-------- RECORDS

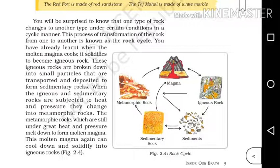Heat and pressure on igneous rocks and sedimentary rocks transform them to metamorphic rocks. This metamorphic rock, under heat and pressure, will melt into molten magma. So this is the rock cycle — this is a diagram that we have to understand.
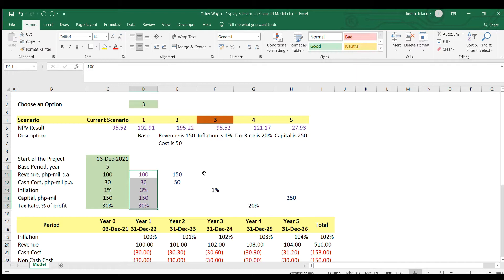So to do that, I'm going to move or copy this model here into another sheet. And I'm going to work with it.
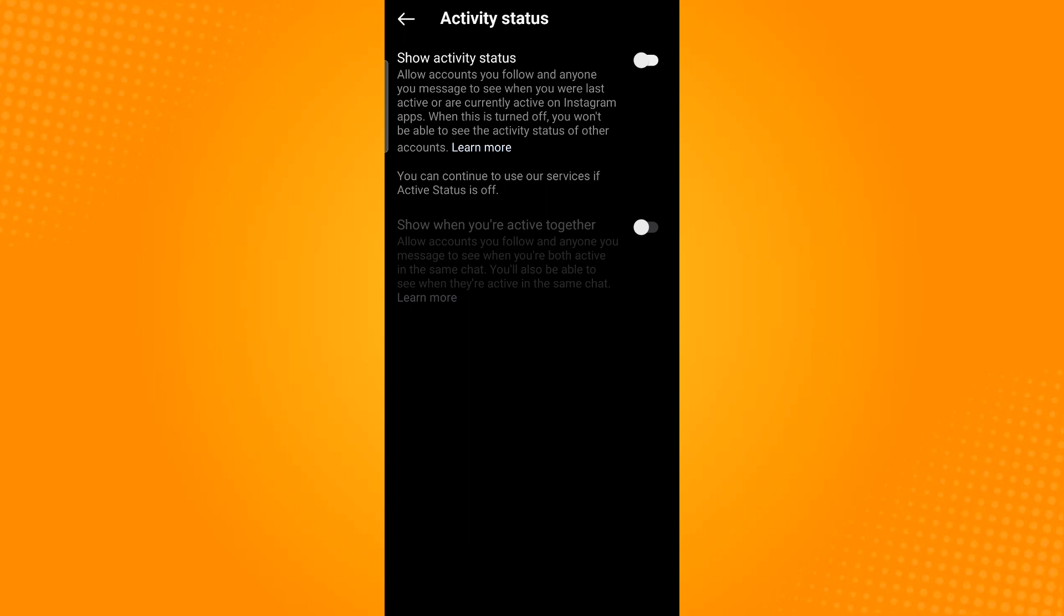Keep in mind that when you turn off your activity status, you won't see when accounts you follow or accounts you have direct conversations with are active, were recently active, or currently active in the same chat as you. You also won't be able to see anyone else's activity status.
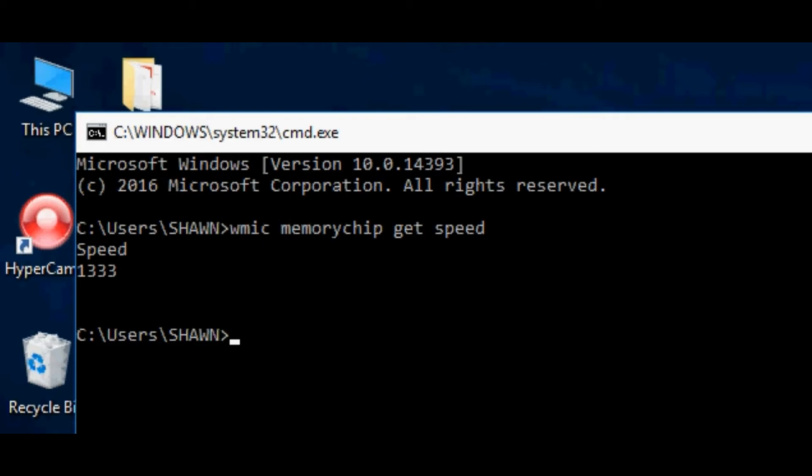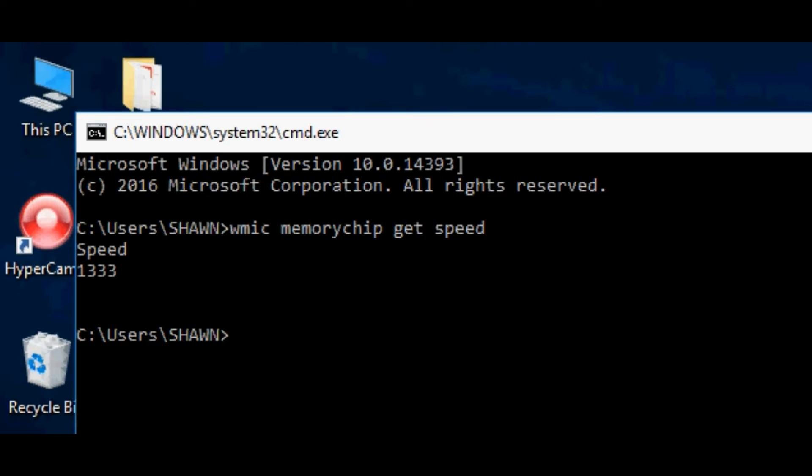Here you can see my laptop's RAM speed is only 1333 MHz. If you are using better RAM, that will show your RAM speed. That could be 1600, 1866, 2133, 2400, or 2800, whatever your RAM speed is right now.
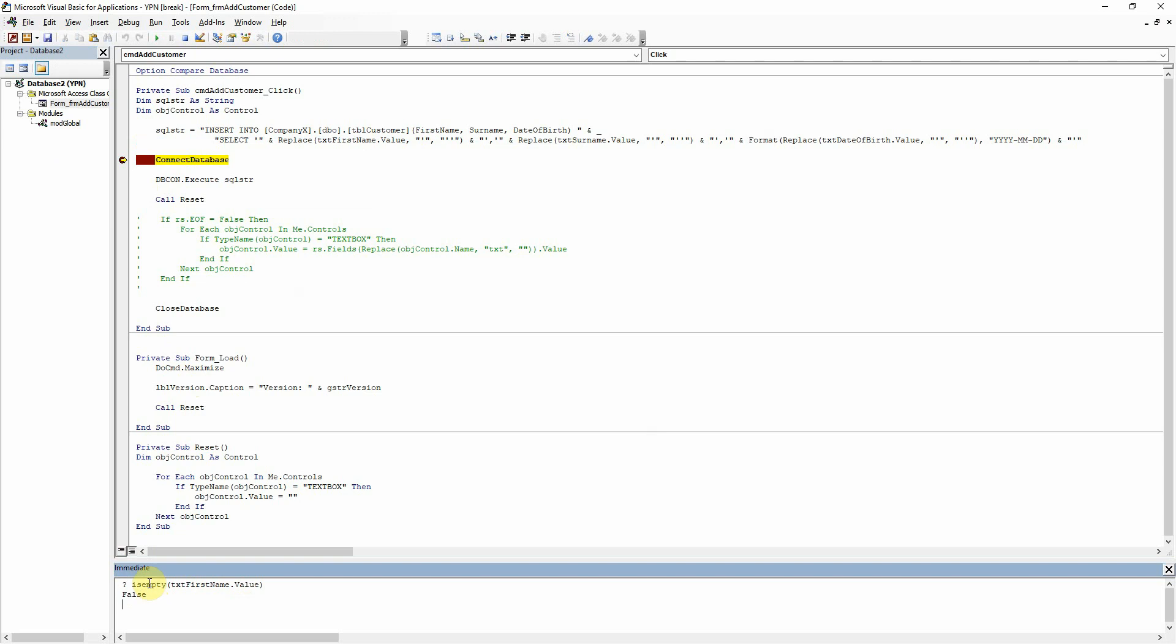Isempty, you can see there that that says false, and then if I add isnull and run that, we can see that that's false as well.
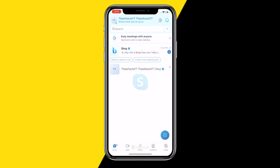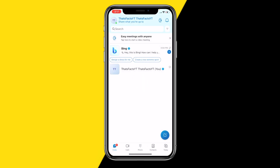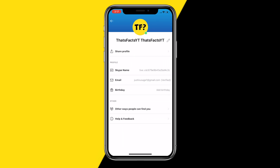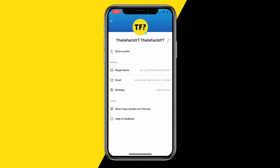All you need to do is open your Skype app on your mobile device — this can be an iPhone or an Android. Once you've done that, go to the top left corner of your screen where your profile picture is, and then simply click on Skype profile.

----------------

TRY IT — With the pictures removed, the entries above should be transcribed exactly.

EXERCISE RESULT —
Heat and pressure on igneous rocks and sedimentary rocks transform them to metamorphic rocks. This metamorphic rock, under heat and pressure, will melt into molten magma. So this is the rock cycle — this is a diagram that we have to understand.
So to do that, I'm going to move or copy this model here into another sheet. And I'm going to work with it.
Keep in mind that when you turn off your activity status, you won't see when accounts you follow or accounts you have direct conversations with are active, were recently active, or currently active in the same chat as you. You also won't be able to see anyone else's activity status.
Here you can see my laptop's RAM speed is only 1333 MHz. If you are using better RAM, that will show your RAM speed. That could be 1600, 1866, 2133, 2400, or 2800, whatever your RAM speed is right now.
Isempty, you can see there that that says false, and then if I add isnull and run that, we can see that that's false as well.
All you need to do is open your Skype app on your mobile device — this can be an iPhone or an Android. Once you've done that, go to the top left corner of your screen where your profile picture is, and then simply click on Skype profile.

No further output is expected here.